Deste modo, o dirigente esclareceu que as conquistas não são reconhecidas e os atletas não recebem prémios por não terem o despacho do referido Ministério. “São conquistas que ficam em casa. Eles deviam aproveitar aquilo que é por direito, porque quem traz medalha merece prémio”, alertou.

Nzusi fez saber também que já foi contactado o responsável daquele estilo de competição. Contudo, apelou os atletas a saírem do país com a autorização de modo a não 'beliscarem' as suas conquistas no estrangeiro.

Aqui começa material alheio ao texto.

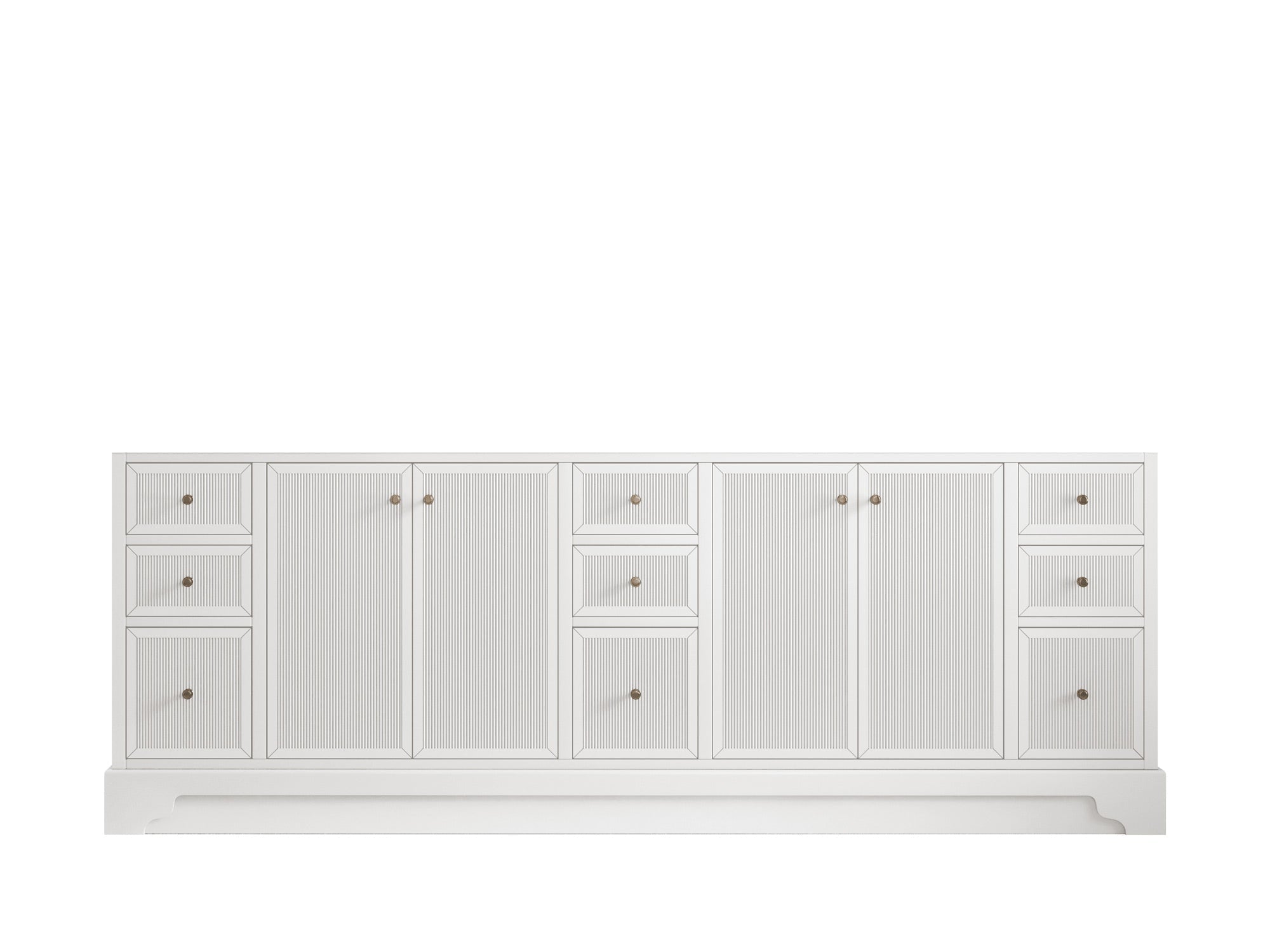 Manhattan 84 in. W x 22 in. D Double Sink Bathroom Vanity - Willow Bath and Vanity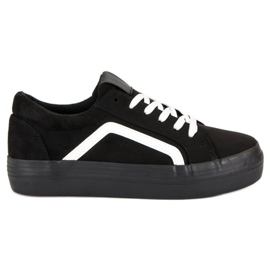 Sport Sneakers in pelle scamosciata nera nero
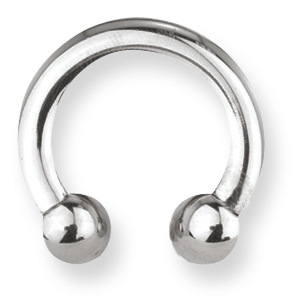 Stainless Steel Circular Barbell 8 Gauge 5/8in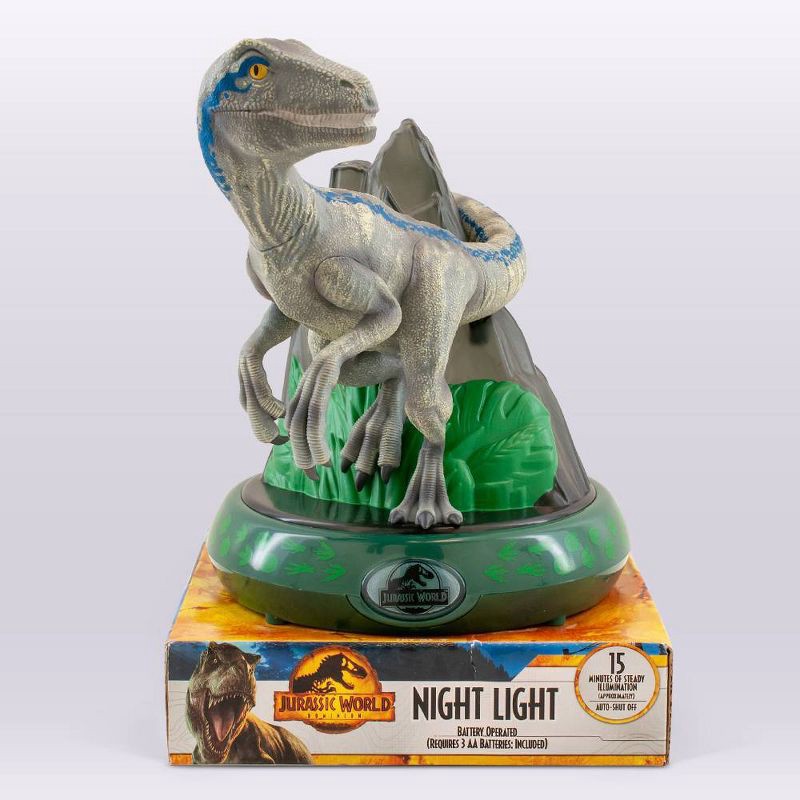 slide 1 of 5, Jurassic World Nightlight, 1 ct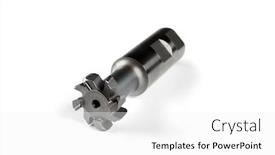  Presentation with end kids - Amazing slide deck having image of end mill studio isolated on white background t-slot cutter on white backdrop and a white colored foreground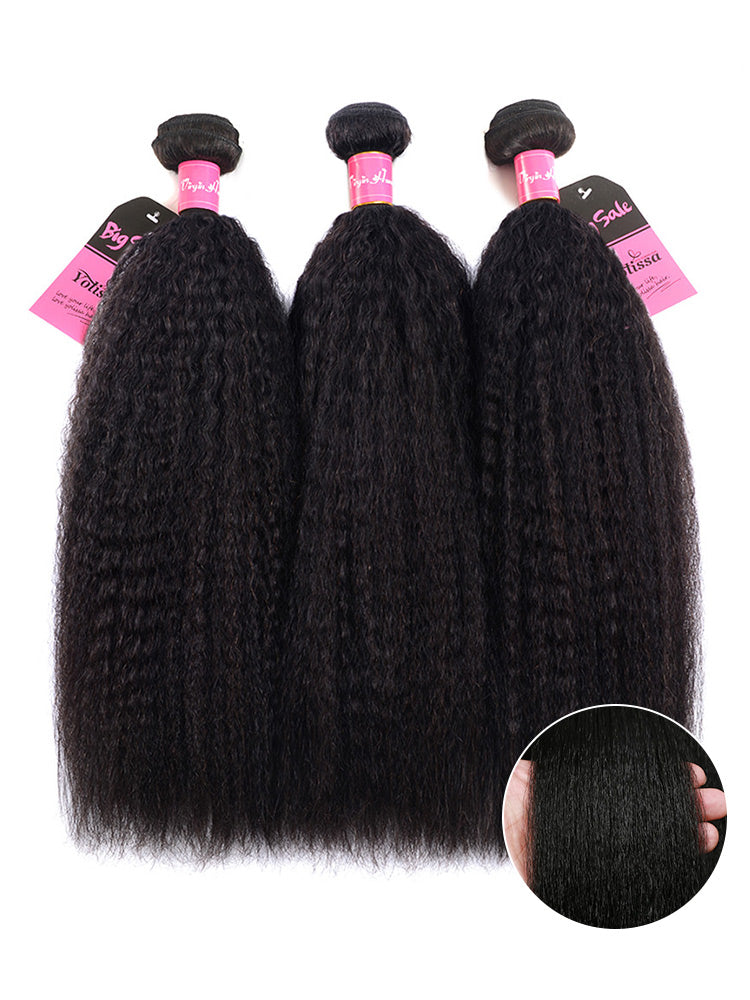 kinky straight pluffy texture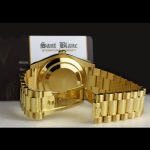 Rolex Day-Date 218238 Ivory Dial Yellow Gold 41MM Mens Replica Watch - Image 4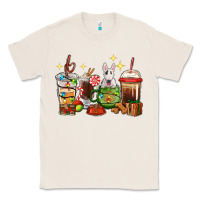 Natural Christmas coffee cups with Bull Terrier Classic Tee - RanaPortraitStore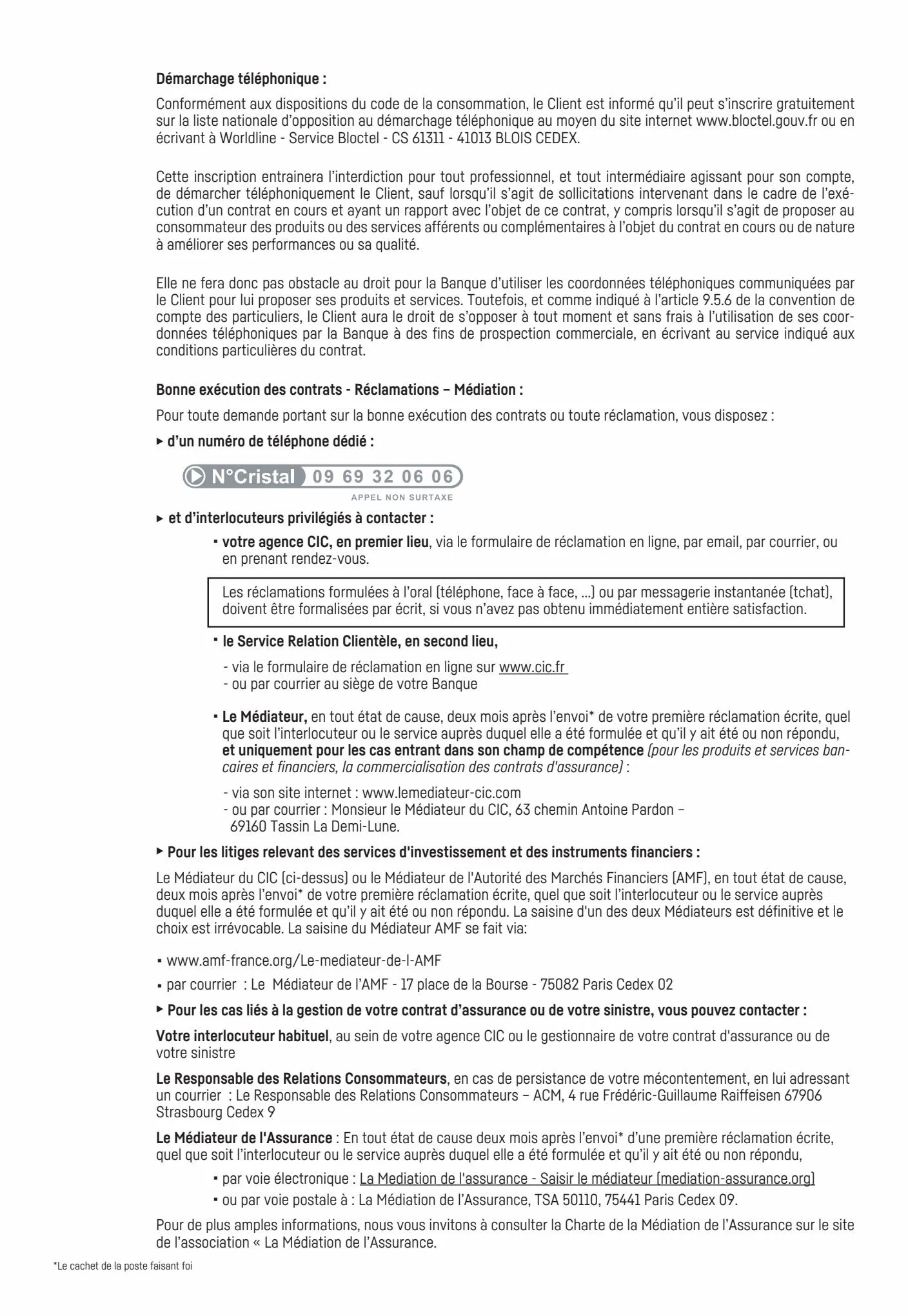 Catalogue Conditions générales Particuliers, page 00002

Recorde-se que a selecção nacional sénior masculina da modalidade conquistou duas medalhas de ouro recentemente no Africano da Zona IV decorrido em Kinshasa, República Democrática do Congo.

Com  este feito de Daniel Nsango, na categoria de 81 kg e Danilo Pedro, 75 kg, o combinado está qualificado para os Mundias de Ju-Jitsu, que acontecem em Novembro, nos Emirados Árabes Unidos.

Em 2015, a Selecção Nacional participou com cinco atletas no Africano da África do Sul e conquistou igual número de medalhas, sendo quatro de ouro e uma de bronze.

Mesmo com a saída autorizada, os atletas não receberam os prémios até hoje e barafustam nos bastidores.

De reforçar que entre os mais de 54 estilos de Ju-Jitsu, a Federação Angolana da Modalidade agrega apenas três. Trata-se do Ju-Jitsu Brasileiro, Tradicional e Aiki-Jitsu.